Task statement:
Take the data below and copy exactly the lines starting at the one with "Fototapeta na wymiar Cow Haute Savoie" and finishing at the one with "Miss Butterfly Duo", both included.

Available data:

● ● ● ●

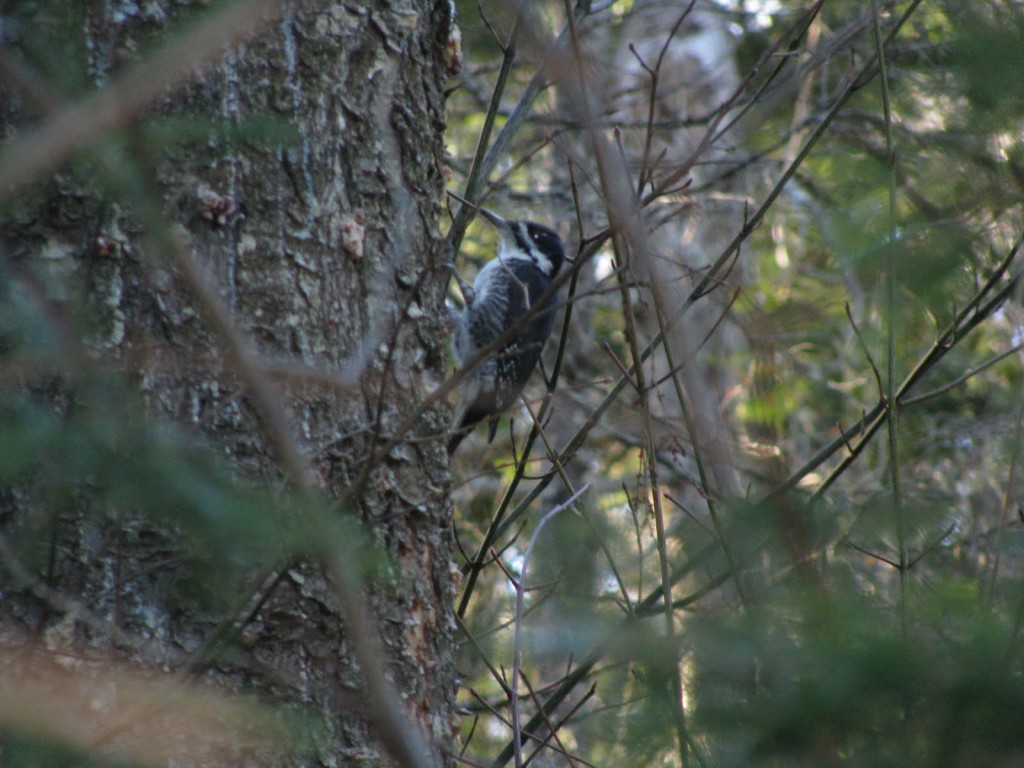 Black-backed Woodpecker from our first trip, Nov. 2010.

● ● ● ●

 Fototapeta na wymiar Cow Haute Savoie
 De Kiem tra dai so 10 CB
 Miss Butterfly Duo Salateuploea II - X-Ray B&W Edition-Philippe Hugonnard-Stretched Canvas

● ● ● ●

Response area:
 Fototapeta na wymiar Cow Haute Savoie
 De Kiem tra dai so 10 CB
 Miss Butterfly Duo Salateuploea II - X-Ray B&W Edition-Philippe Hugonnard-Stretched Canvas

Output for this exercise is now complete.